“Our number one transportation priority is rail to Dulles,” Bulova said. “It was never rail to Loudoun County. We were happy to have Loudoun as a partner. The economic development opportunities are enormous. If they pull out, they are the losers.”
‘These guys are a disaster’
Originally, the process to get information out to potential bidders was scheduled to start in early March with bids being accepted by the end of the year and a winner being chosen by early 2013. But now the timetable is up in the air.
“This has been a frustrating process,” said Tom Davis, a member of MWAA’s board. “The only logical thing we can do is see what Virginia gives us and see what Loudoun does. We really don’t have much choice.”
LaHood has called a May 2 meeting of the stakeholders to try to reach an agreement to move the project forward. Many observers say the loss of Phase 2 would have a huge impact.
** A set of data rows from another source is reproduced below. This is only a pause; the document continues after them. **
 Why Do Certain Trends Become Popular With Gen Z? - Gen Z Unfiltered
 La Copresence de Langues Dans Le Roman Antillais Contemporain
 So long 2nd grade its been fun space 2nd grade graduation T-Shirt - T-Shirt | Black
“So many corporations have moved, knowing that rail was part of the equation coming farther out,” said Patricia Nicoson, president of the Dulles Corridor Rail Association. “This project is too important to fail. We need cooler heads to prevail.”
“If it doesn’t go, it says something about the region,” she said. “It says we couldn’t get it together to do a long-term rail project. That’s unthinkable to me.”
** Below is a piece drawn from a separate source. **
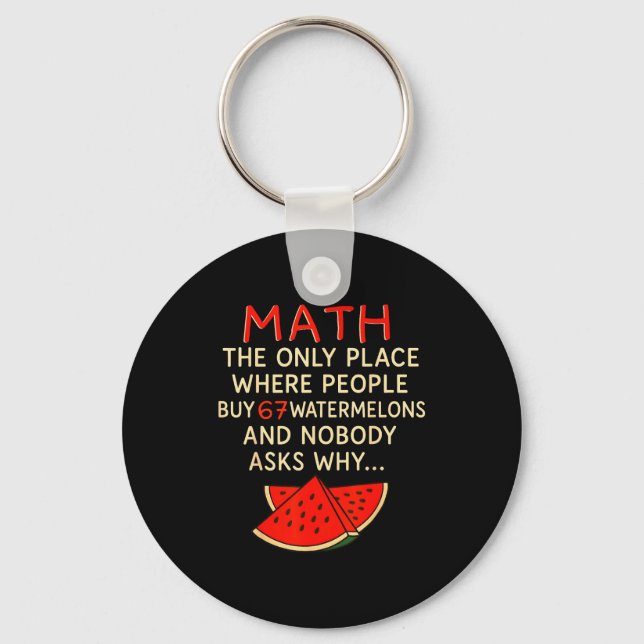 Math And 67 Watermelons Funny 6 7 Meme Calculation Keychain (Front)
The uncertainty is magnified by public perceptions of MWAA. Many observers say they have lost confidence in the authority. They have accused the board of mismanagement and lacking transparency; the first phase of the Silver Line is already estimated to be as much as $150 million over budget.
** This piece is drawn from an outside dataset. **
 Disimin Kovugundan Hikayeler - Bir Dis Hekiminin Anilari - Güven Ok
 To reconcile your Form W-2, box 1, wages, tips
The U.S. Department of Transportation’s inspector general is conducting an investigation of the authority’s management practices, transparency and governance. The report is expected to be released this spring. That makes it even more difficult to get support from Richmond and Loudoun.
“We are actively evaluating whether we can take the project over,” Virginia Transportation Secretary Sean T. Connaughton has said. “These guys are a disaster.”
However, airports authority officials warn that switching the responsibility for construction to the state would be a legal mess. Connaughton said he believes that may still outweigh the alternative.
“We’re at the point, quite honestly, where we think we could potentially do it better, cheaper, faster,” he said.